┌────────

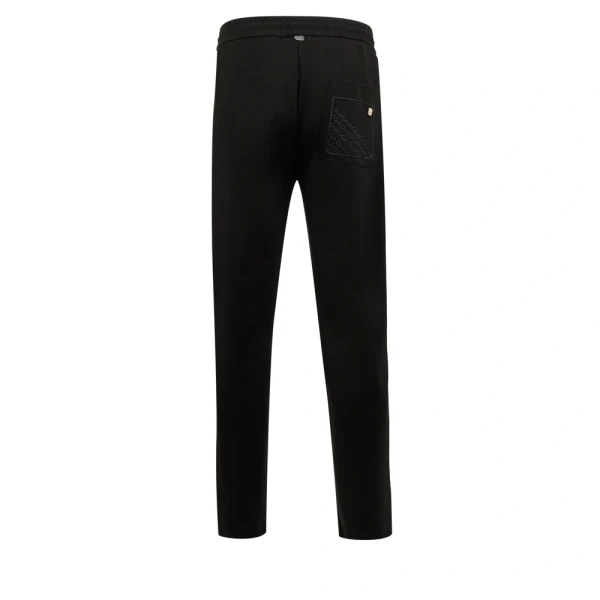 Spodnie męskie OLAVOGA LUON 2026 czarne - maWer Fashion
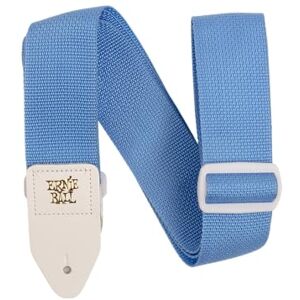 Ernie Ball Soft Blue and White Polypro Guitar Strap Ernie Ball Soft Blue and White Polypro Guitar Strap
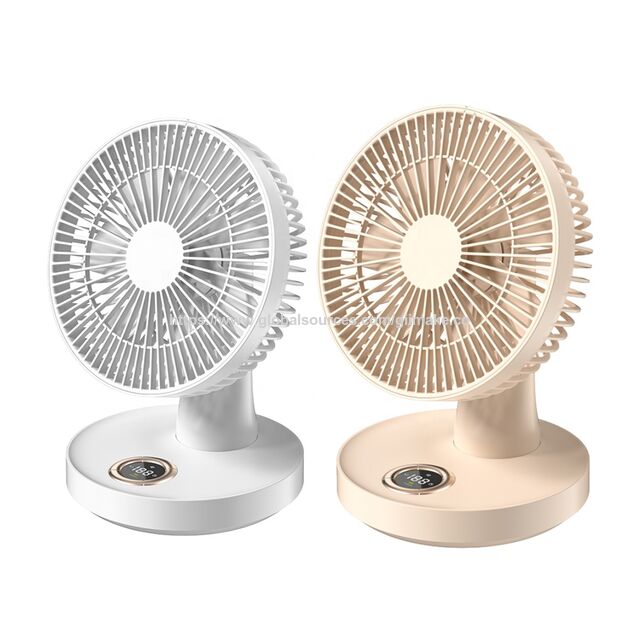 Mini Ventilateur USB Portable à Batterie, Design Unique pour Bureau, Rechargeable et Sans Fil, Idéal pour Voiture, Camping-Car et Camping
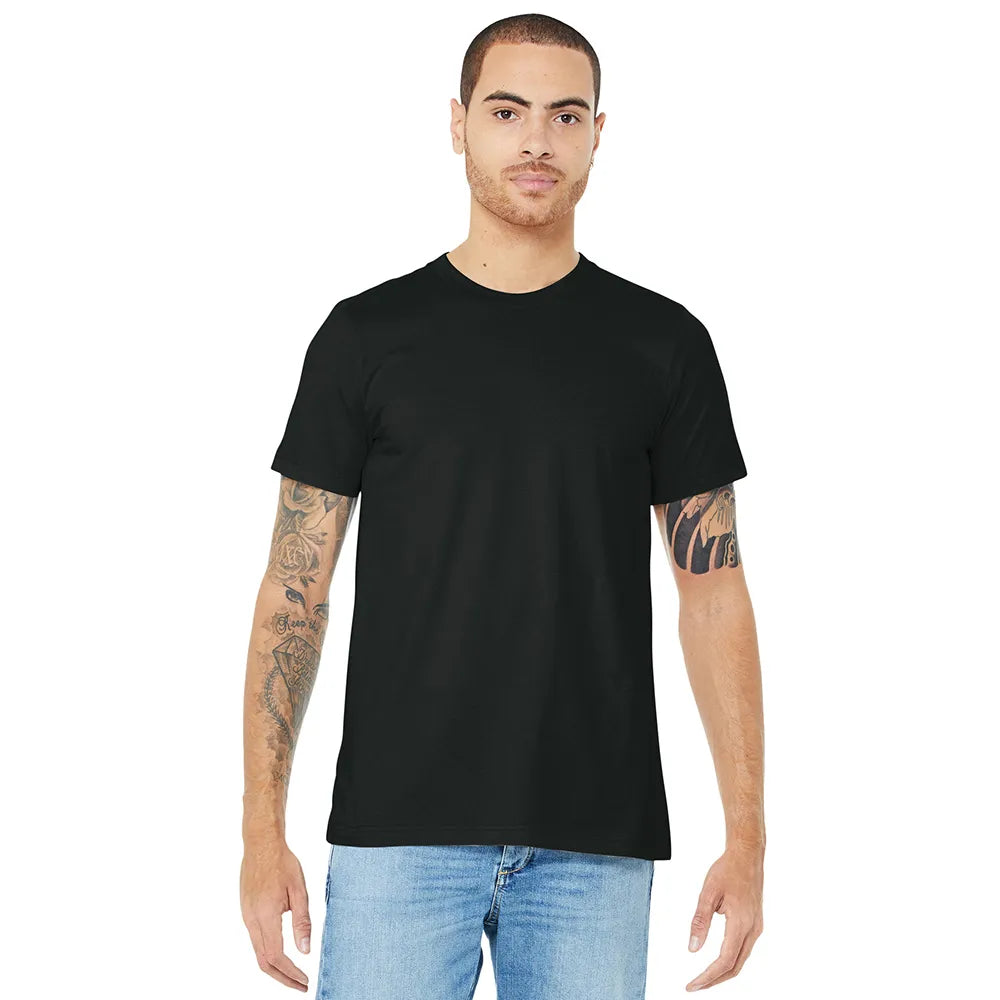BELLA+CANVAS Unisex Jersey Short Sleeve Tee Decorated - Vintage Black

└────────
┌────────

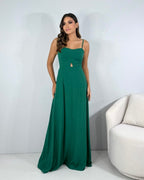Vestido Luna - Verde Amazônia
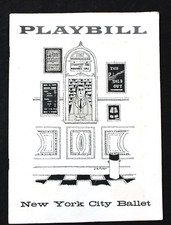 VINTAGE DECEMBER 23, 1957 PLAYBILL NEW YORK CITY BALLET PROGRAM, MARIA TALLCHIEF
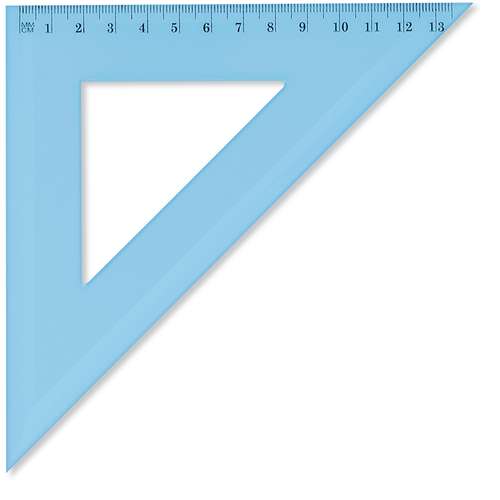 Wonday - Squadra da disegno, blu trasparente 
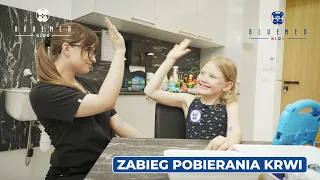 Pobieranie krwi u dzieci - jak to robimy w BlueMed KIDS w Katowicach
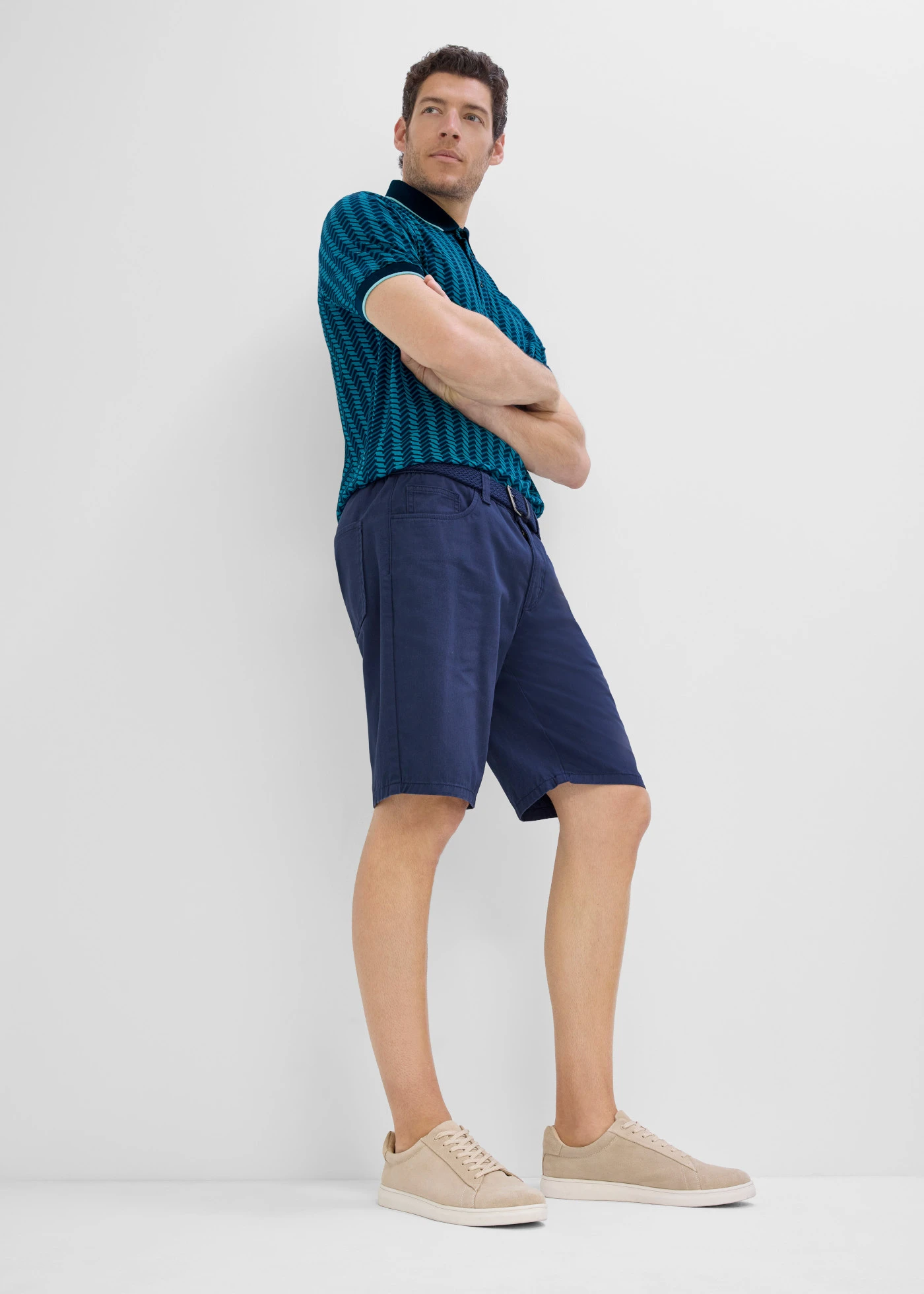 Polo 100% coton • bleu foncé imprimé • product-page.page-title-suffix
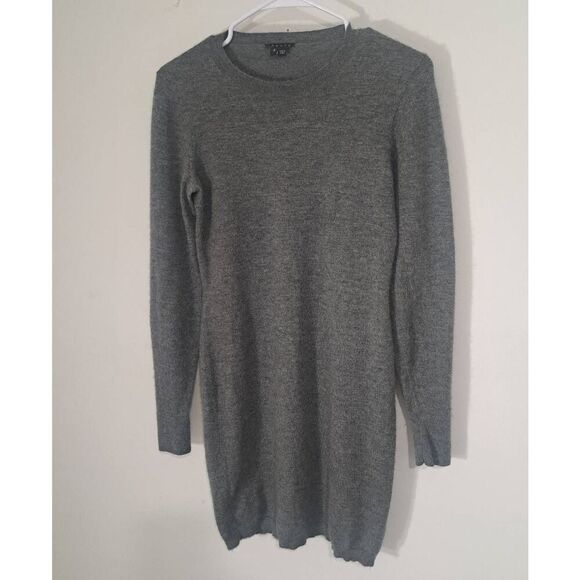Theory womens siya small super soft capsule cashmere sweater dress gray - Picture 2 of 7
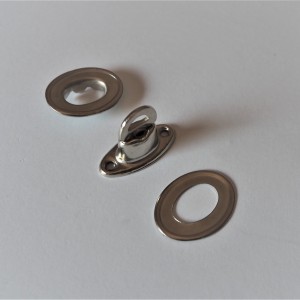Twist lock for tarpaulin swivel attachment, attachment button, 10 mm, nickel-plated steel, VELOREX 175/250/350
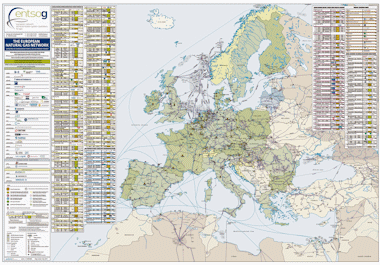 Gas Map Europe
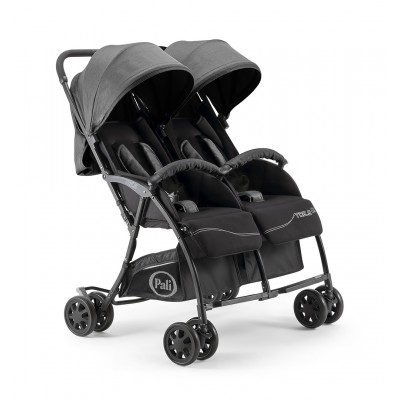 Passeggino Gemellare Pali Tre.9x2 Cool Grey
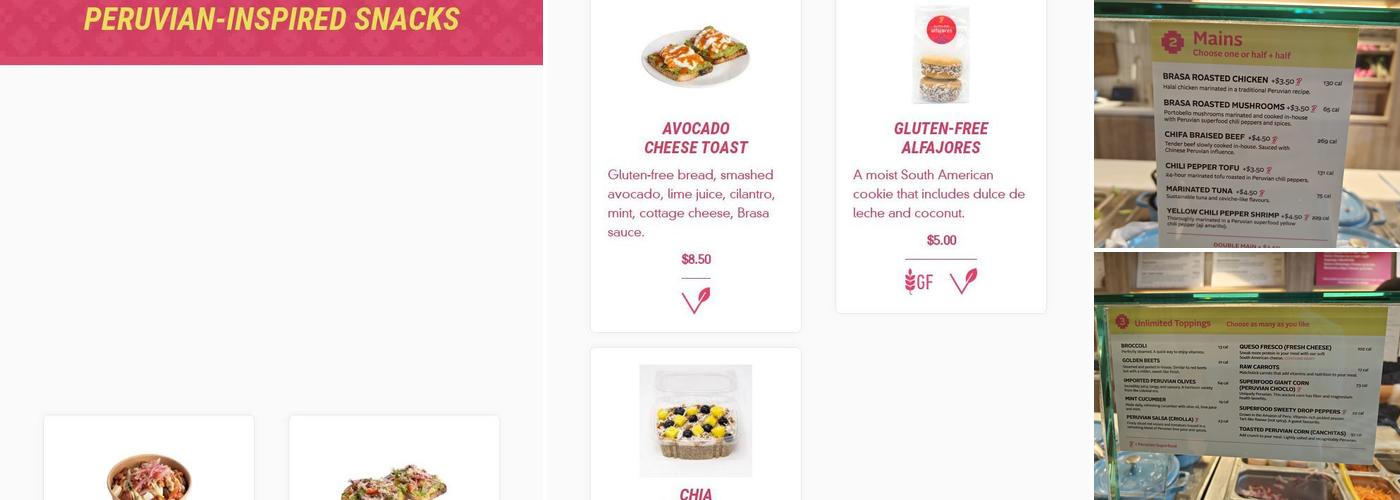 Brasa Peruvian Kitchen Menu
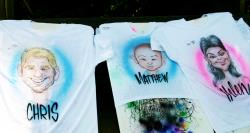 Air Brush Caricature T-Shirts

└────────

▶ [Activity]
In the material above, which lines fall between the one holding "Spodnie męskie OLAVOGA" and the one holding "Ernie Ball Soft Blue and White Polypro Guitar Strap Ernie", inclusive? Print exactly those, with the pictures left out.

▶ [Result of this exercise]
 Spodnie męskie OLAVOGA LUON 2026 czarne - maWer Fashion
 Ernie Ball Soft Blue and White Polypro Guitar Strap Ernie Ball Soft Blue and White Polypro Guitar Strap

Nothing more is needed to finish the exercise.